July 11 - September 12, 2026
Opening reception: Saturday, July 11th from 2 to 5 pm
Remarks: 2:30pm
Paul Thiebaud Gallery is pleased to announce the opening of Contemporary Women of Abstraction, an exhibition featuring 16 artists who either work in or have ties to the Bay Area, on Saturday, July 11, 2026, from 2-5pm, with remarks at 2:30pm. On view will be paintings, sculpture, and ceramics by Donna Brookman, Linda Fleming, Sylvia Fragoso, Nancy Genn, Rebekah Goldstein, Julia Goodman, Hughen/Starkweather, Mary Ijichi, Grace Munakata, Sono Osato, Irène Pijoan, Shantae Robinson, Cornelia Schulz, Laura Van Duren, Andrea Way, and Karla Wozniak. Featuring three generations of female artists, including two from the NIAD center for artists with disabilities, the exhibition reveals not only each artist's investigations of abstraction, but also conceptual and visual throughlines bridging generations. The exhibition will be on view through September 12, 2026.
In the years after World War II, Abstract Expressionism exploded out of New York's Downtown art scene and its impact can still be felt today. While the cultural zeitgeist that produced the AbEx movement has entered the annals of history, the visual language it brought forth in painting has since been adapted and combined with new sources of inspiration by successive generations of artists. Two of these sources are the environment/climate change and our relationship to the land. The paintings on paper and panel by the artist collaboration Hughen/Starkweather are heavily informed by their research practice into the impacts of climate disruption on places where water, land, and humans interact in the landscape. Grace Munakata's paintings and collages also draw upon the natural landscape and environmental concerns, visually mixing passages of abstract brushstrokes with recognizable images of animals and Japanese textile patterns from her childhood. Donna Brookman's 'fullflood' oil paintings capture the impression of water flowing across the land in evocative, thickly painted strokes, creating sublime meditations on our relationship to terra firma. Sono Osato's paintings and pastels on paper employ abstraction as a tool to interrogate the landscape as an archeological site for investigating the origins of technology and language.

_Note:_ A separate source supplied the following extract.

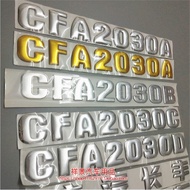 Changfeng Cheetah Car Tail Label CFA2030A CFA2030B CFA2030C CFA2030D Car Label Car Sticker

One of the evolutionary paths American abstract painting took in the 1960s was the inclusion of linear and/or geometric structures as a strategy for creating compositions. Cornelia Schulz's paintings juxtapose heavily impastoed topographies of oil paint against geometrically shaped canvases to create a visual tension between form and structure. Loosely inspired by the Lycian cliff tombs in Turkey and ancient architectural interiors, Nancy Genn's paintings combine collaged paper with subtly modulated tonalities to produce resonate works. Linda Fleming's large-scale pastel drawings and lace-like, laser-cut steel and wood sculptures are meditations on the metaphysics of geometric forms that utilize volume, line and color to generate optical effects in the viewer's eye.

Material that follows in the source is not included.